● To do
When a line in the material beneath includes the word "Flag", add it to the count, and report the count alone.
** Opening Dataset records block **
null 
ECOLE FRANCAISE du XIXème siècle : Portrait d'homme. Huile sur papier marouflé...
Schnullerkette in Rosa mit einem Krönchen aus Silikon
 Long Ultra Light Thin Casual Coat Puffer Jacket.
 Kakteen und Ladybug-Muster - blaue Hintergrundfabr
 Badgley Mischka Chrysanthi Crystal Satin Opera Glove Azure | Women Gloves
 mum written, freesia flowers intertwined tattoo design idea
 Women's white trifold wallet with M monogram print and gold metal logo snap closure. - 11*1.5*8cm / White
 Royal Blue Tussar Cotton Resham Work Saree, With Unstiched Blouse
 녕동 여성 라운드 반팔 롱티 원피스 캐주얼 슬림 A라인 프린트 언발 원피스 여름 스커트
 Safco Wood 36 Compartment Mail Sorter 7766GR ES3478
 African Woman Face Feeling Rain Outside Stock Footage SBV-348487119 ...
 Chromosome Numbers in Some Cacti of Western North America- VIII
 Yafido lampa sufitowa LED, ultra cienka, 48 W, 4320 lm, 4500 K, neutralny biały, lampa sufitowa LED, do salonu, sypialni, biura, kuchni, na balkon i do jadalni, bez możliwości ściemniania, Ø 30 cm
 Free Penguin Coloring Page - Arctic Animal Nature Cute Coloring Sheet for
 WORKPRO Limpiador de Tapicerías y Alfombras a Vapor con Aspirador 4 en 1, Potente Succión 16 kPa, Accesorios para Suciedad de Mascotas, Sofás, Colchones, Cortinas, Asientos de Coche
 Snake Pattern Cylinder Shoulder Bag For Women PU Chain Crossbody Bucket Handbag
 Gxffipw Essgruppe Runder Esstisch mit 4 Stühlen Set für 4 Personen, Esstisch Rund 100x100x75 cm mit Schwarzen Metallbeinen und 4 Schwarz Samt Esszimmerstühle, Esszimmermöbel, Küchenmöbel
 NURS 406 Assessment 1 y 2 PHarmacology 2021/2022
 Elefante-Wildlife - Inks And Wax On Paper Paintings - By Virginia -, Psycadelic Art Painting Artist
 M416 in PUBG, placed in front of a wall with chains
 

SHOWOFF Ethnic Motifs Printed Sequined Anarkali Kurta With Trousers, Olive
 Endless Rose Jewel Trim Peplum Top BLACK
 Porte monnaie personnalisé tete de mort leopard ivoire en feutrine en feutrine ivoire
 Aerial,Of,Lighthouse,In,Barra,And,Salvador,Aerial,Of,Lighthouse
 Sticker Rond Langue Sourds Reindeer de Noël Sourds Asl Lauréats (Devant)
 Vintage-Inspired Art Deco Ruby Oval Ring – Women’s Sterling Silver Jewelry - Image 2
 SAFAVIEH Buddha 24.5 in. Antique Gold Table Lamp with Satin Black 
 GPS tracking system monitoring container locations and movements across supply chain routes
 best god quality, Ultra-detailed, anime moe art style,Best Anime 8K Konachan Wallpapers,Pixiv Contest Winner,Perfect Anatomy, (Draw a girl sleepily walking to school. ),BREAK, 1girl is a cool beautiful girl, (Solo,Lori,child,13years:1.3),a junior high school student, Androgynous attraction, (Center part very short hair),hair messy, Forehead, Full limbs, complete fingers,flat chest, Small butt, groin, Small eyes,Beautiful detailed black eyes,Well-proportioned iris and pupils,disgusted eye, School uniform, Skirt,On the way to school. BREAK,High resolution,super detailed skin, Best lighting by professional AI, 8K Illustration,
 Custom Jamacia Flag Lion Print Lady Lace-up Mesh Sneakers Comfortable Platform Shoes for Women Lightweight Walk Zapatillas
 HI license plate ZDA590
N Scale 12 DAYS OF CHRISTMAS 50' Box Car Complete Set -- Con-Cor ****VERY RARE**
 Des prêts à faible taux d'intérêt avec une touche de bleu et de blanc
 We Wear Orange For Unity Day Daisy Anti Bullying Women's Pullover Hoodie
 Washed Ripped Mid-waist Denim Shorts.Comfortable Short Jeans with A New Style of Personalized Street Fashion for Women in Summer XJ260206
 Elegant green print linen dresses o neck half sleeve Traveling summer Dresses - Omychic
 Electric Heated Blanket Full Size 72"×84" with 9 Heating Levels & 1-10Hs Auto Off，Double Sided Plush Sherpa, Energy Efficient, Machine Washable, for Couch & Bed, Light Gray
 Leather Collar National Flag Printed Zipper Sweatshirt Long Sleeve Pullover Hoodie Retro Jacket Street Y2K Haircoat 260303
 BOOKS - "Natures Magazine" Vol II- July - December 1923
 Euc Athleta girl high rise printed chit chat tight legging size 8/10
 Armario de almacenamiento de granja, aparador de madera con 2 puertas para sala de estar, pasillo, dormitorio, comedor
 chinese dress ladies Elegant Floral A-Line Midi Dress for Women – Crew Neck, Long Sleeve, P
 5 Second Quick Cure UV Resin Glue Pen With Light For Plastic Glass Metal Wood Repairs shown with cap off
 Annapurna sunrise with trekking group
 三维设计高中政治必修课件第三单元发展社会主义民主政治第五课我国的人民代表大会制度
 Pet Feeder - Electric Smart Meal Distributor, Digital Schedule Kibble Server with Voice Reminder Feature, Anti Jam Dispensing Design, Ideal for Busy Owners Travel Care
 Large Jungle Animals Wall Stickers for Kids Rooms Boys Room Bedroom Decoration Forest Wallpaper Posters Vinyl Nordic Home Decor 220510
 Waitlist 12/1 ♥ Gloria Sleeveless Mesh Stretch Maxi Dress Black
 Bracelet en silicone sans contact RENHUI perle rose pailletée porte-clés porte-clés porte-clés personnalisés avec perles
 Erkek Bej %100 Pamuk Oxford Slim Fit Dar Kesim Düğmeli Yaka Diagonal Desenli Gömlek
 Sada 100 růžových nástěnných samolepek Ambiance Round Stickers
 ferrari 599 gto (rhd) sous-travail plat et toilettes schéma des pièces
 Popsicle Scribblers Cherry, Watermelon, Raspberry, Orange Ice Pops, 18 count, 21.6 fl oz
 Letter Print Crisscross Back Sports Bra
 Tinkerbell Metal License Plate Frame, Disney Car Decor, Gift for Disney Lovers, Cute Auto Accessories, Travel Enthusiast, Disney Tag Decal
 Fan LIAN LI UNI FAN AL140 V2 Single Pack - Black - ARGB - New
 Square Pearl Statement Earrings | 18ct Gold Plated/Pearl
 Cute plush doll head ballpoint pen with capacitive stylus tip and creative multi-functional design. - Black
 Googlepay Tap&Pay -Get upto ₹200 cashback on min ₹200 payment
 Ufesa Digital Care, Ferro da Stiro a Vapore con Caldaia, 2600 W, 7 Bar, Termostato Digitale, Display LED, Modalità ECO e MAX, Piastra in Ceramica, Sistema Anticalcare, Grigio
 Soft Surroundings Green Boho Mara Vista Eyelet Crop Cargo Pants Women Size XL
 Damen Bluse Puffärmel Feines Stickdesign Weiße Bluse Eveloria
** Closing Dataset records block **
● Exercise output
2